Cada indivíduo foi submetido a apenas um experimento. Para posterior análise

dos dados foram feitos registros fotográficos do comportamento dessas células durante

todo o experimento. Os resultados foram comparados ao índice cromatoforotrópico de

Hogben e Slome (apud Bagnara e Hadley, 1973). Neste método, o grau de dispersão dos

melanóforos é determinado de acordo com uma escala de 5 níveis, para produzir um

índice cromatoforotrópico que varia entre 1 e 5. O método se baseia em cinco fases

distintas que apresentam diferentes graus de dispersão de pigmento nos melanóforos; o

estágio de maior agregação é designado como estágio 5 e o estágio de menor agregação,

como estágio 1. Os estágios 2, 3 e 4 representam graus intermediários de dispersão dos

pigmentos.

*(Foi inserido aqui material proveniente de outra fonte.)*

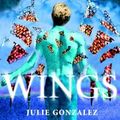 Cover Art for 9780385732277, Wings by Julie Gonzalez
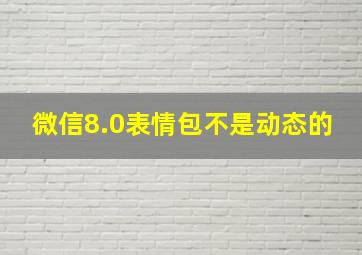 微信8.0表情包不是动态的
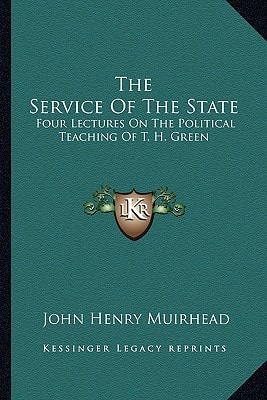 The Service Of The State: Four Lectures On The Political Teaching Of T. H. Green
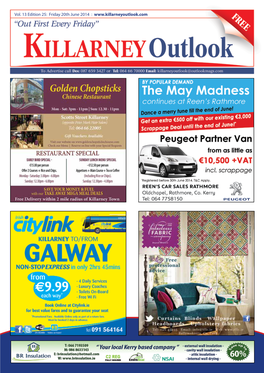 Killarney Outlook Sales: Des 087 659 3427 Or Email: Killarneyoutlook@Outlookmags.Com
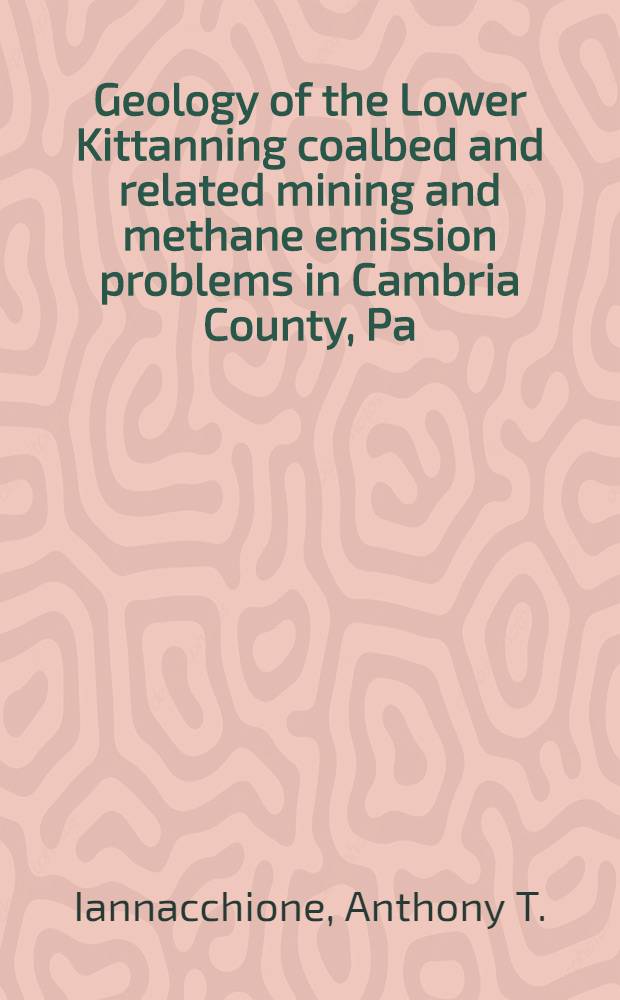 Geology of the Lower Kittanning coalbed and related mining and methane emission problems in Cambria County, Pa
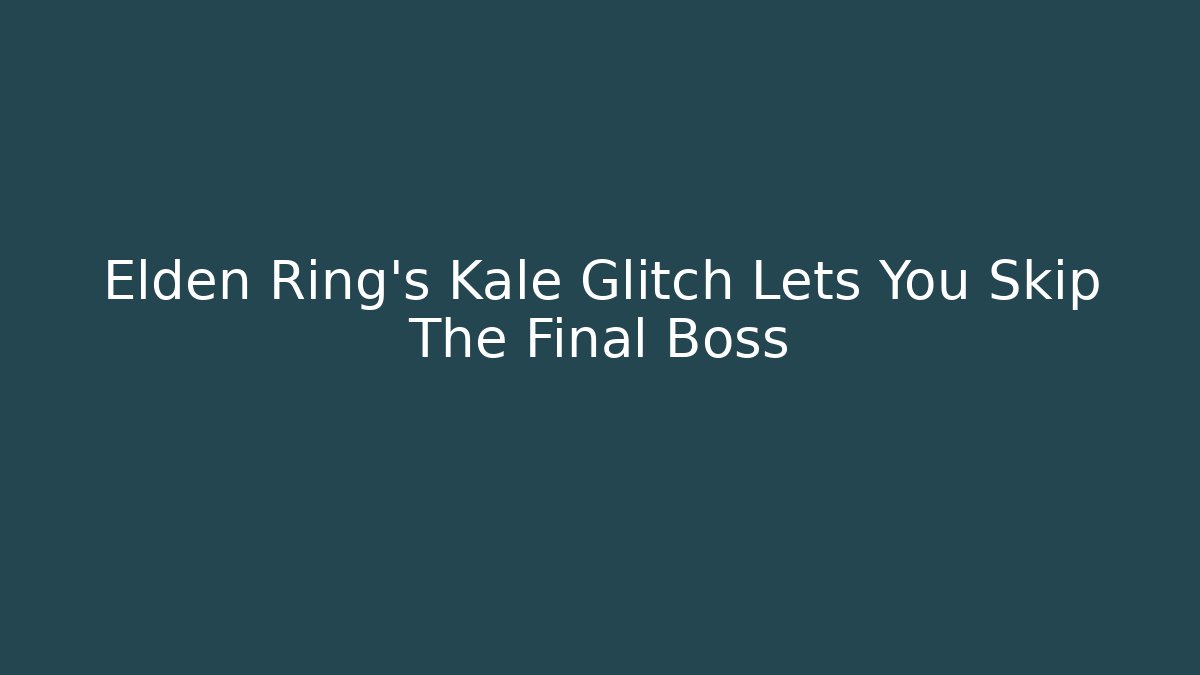 Elden Ring's Kale Glitch Lets You Skip The Final Boss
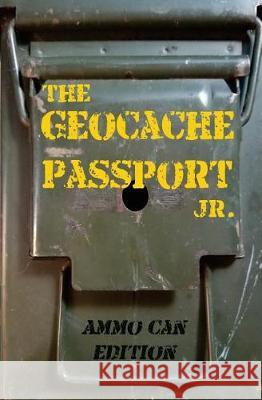 The Geocache Passport Jr.: Ammo Can Edition Michelle Cross-Frase 9781720643258 Createspace Independent Publishing Platform - książka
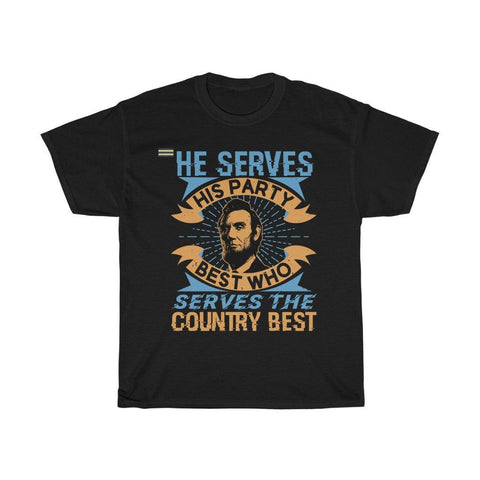He Serves His Party Best Who Serve The Country Best T-shirt - Military Republic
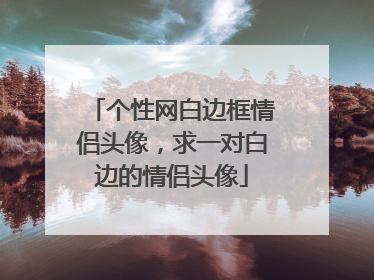 个性网白边框情侣头像,求一对白边的情侣头像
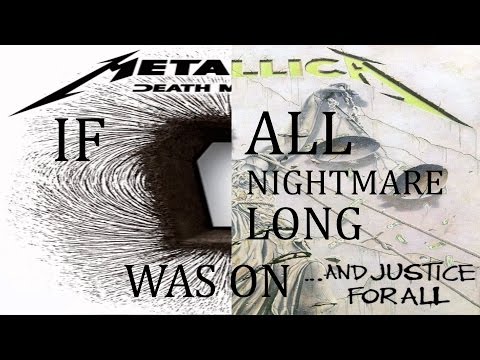 If All Nightmare Long was on ...And Justice For All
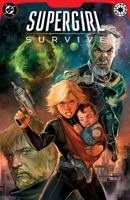 Supergirl: Survive 1799517292 Book Cover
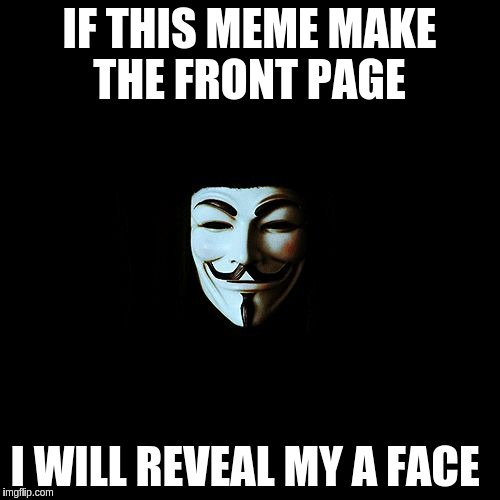 anonymous | IF THIS MEME MAKE THE FRONT PAGE; I WILL REVEAL MY A FACE | image tagged in anonymous | made w/ Imgflip meme maker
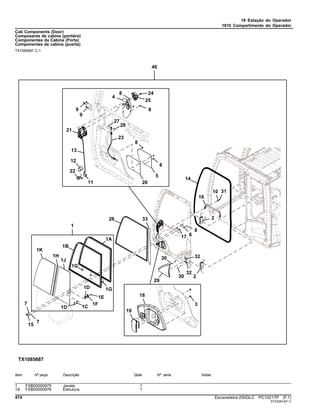 18 Estação do Operador
1810 Compartimento do Operador
Cab Components (Door)
Composants de cabine (portière)
Componentes da Cabine (Porta)
Componentes de cabina (puerta)
TX1085687 C.1
Item Nº peça Descrição Qtde Nº série Notas
1 FXB00000975 Janela 1
1A FXB00000976 Estrutura 1
474 Escavadeira 250GLC PC10217P (F.1)
ST330814(F.1)
 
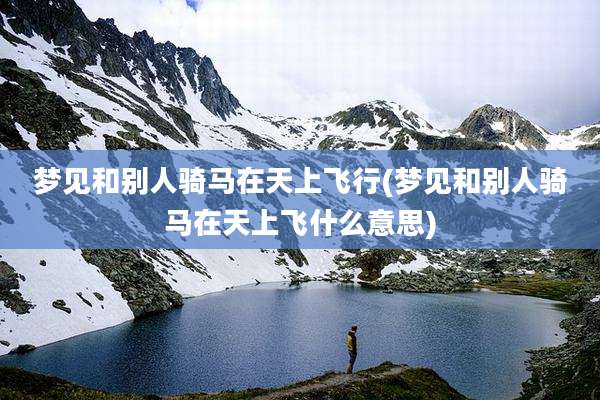 梦见和别人骑马在天上飞行(梦见和别人骑马在天上飞什么意思)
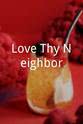 Siegrid Alnoy Love Thy Neighbor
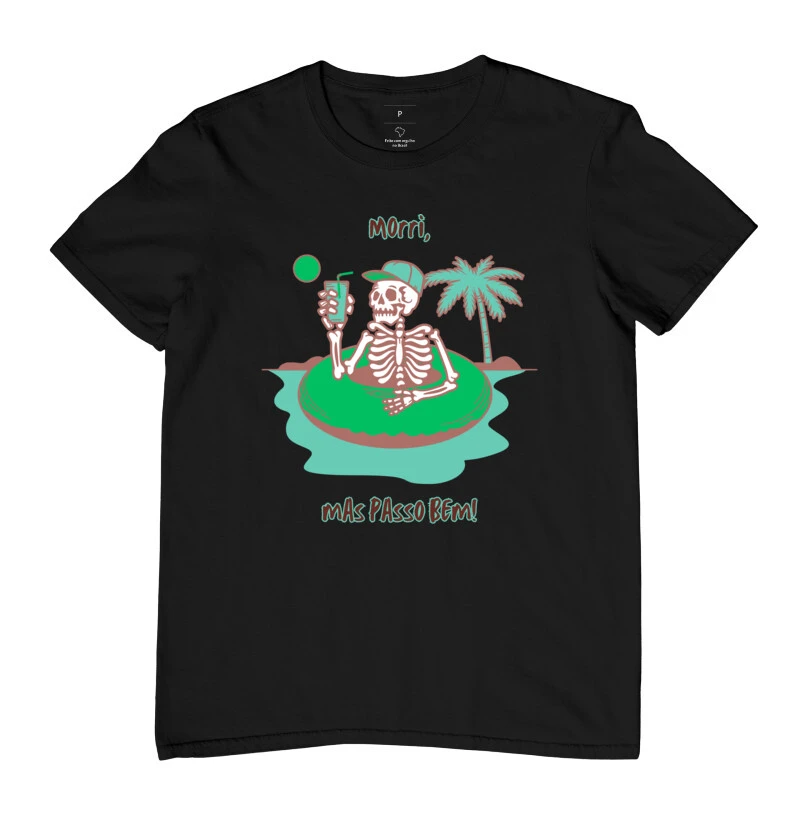 Camiseta - Morri, mas passo bem!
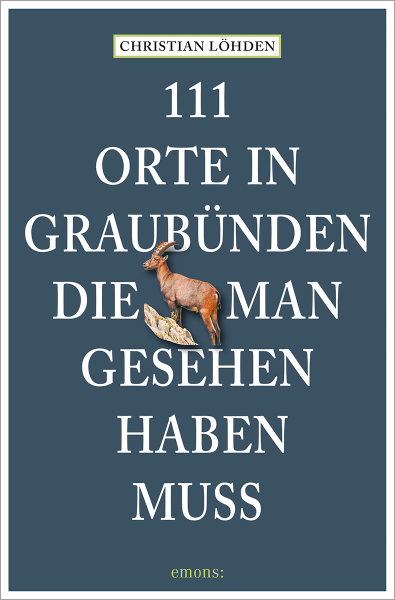 111 Orte in Graubünden, die man gesehen haben muss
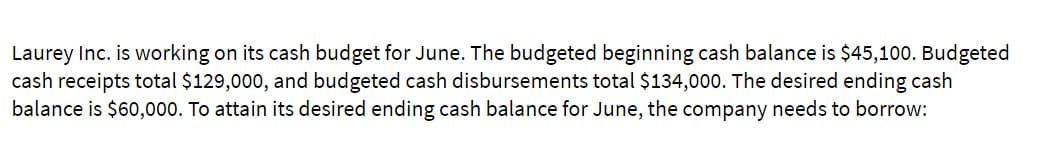 Laurey Inc. is working on its cash budget for June. The budgeted beginning cash balance is $45,100. Budgeted
cash receipts total $129,000, and budgeted cash disbursements total $134,000. The desired ending cash
balance is $60,000. To attain its desired ending cash balance for June, the company needs to borrow:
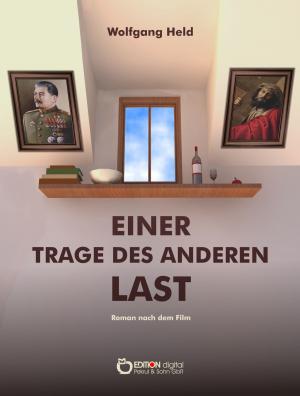 Book cover of Einer trage des anderen Last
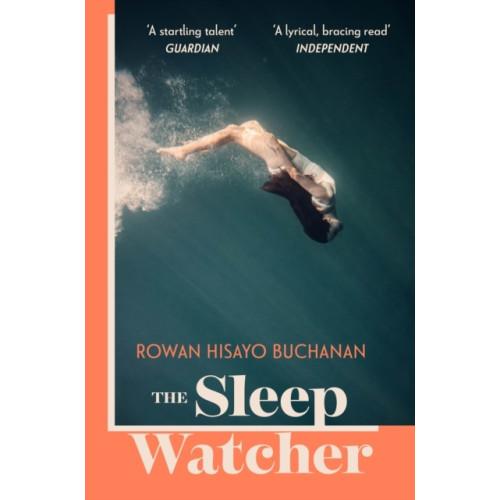 Rowan Hisayo Buchanan The Sleep Watcher (pocket, eng)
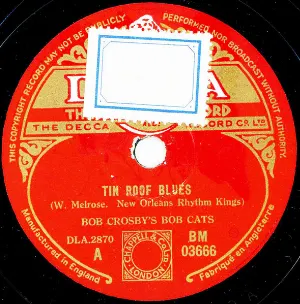 Pochette de Tin Roof Blues / Way Down Yonder in New York Orleans de Bob Crosby and the Bob Cats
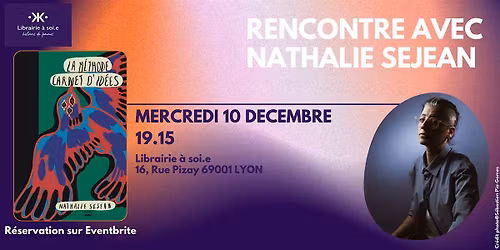 Rencontre avec Nathalie Sejean pour "La M\u00e9thode Carnet d'Id\u00e9es"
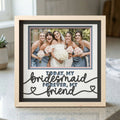 Today My Bridesmaid Forever My Friend Photo Frame - The Caring Creative
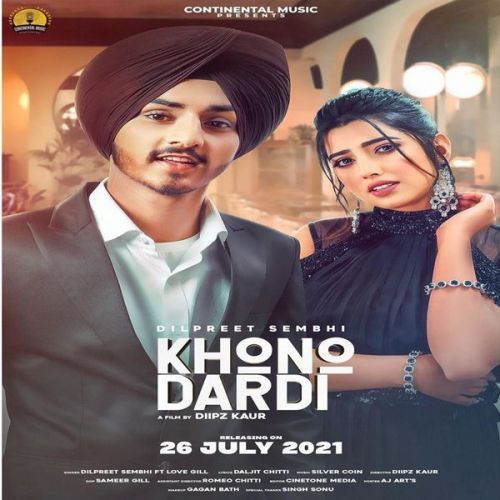 Khono Dardi Dilpreet Sembhi mp3 song download, Khono Dardi Dilpreet Sembhi full album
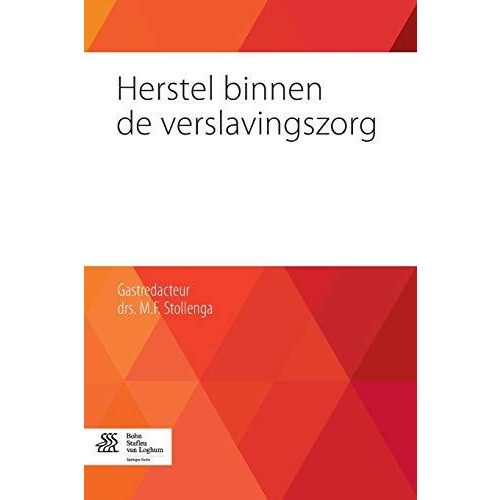 Herstel binnen de verslavingszorg [Paperback]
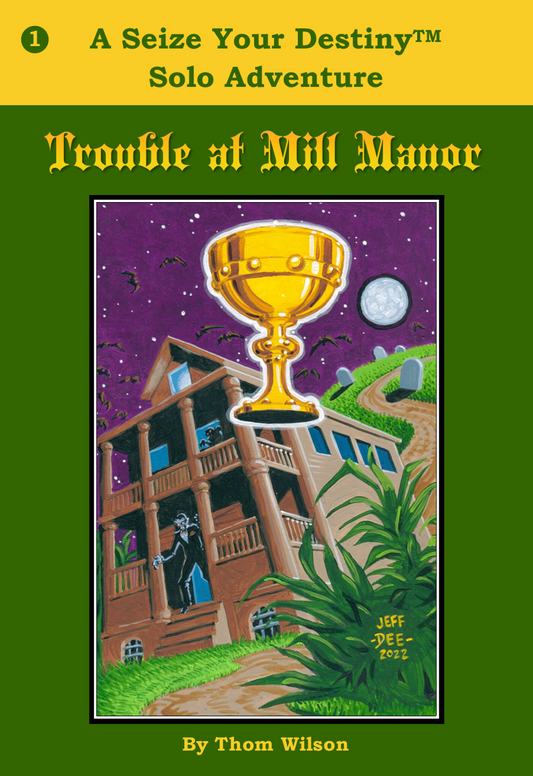 Trouble at Mill Manor: a Seize Your Destiny Solo Adventure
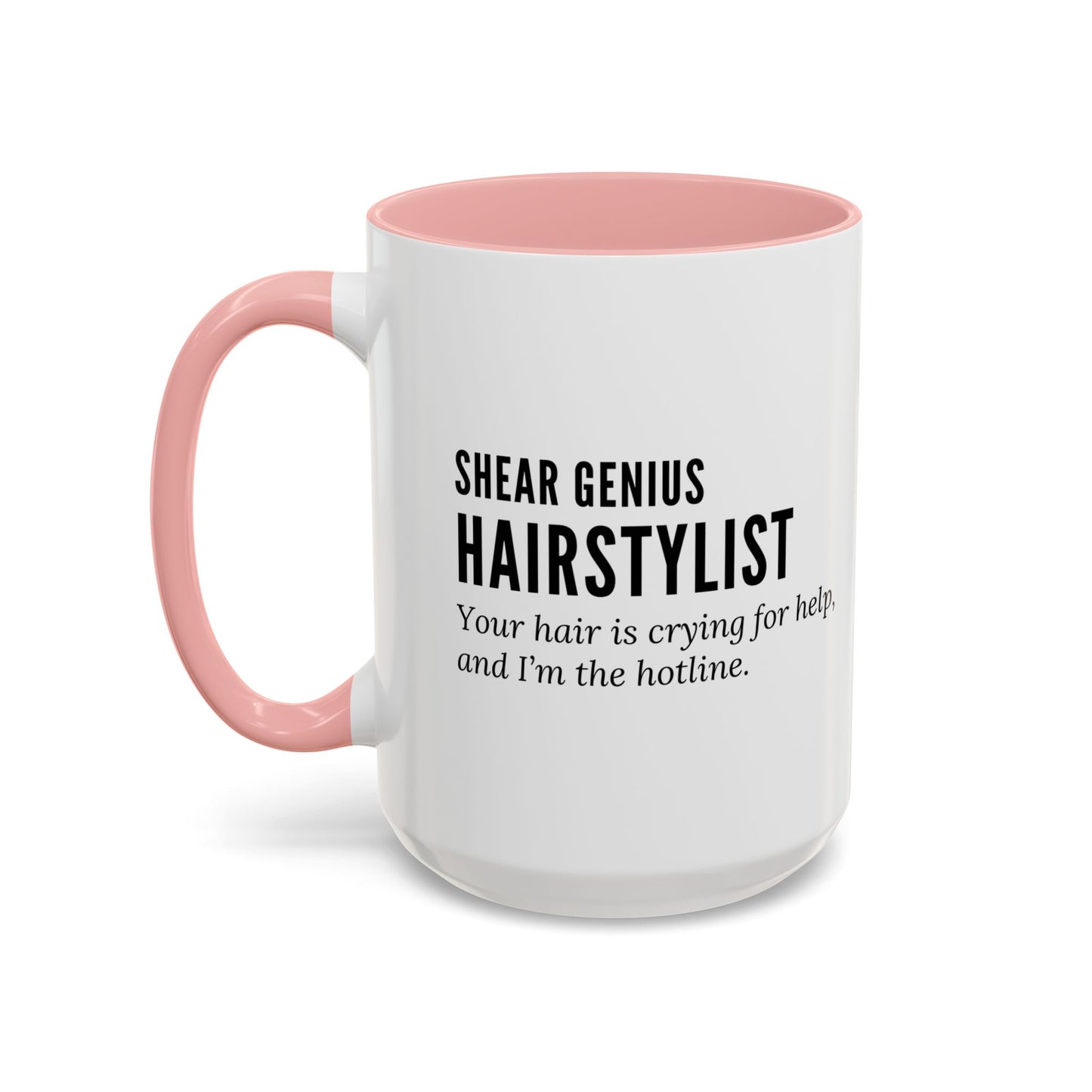 Hairstylist Mug – “Your Hair Is Crying for Help, and I’m the Hotline.”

Este método está atualmente sendo utilizado por muitos pesquisadores em

todo o mundo para estudos relativos às respostas dos melanóforos de teleósteos,

anfíbios e répteis a vários estímulos químicos, incluindo drogas e peptídeos

melanotrópicos.

No nosso estudo o método foi modificado e foram considerados apenas quatro

níveis de agregação, sendo o nível 4 o de maior agregação e o nível 1 de menor. A

dificuldade de distinção entre as fases 3 e 4 do método original nos levou a realizar tal

modificação.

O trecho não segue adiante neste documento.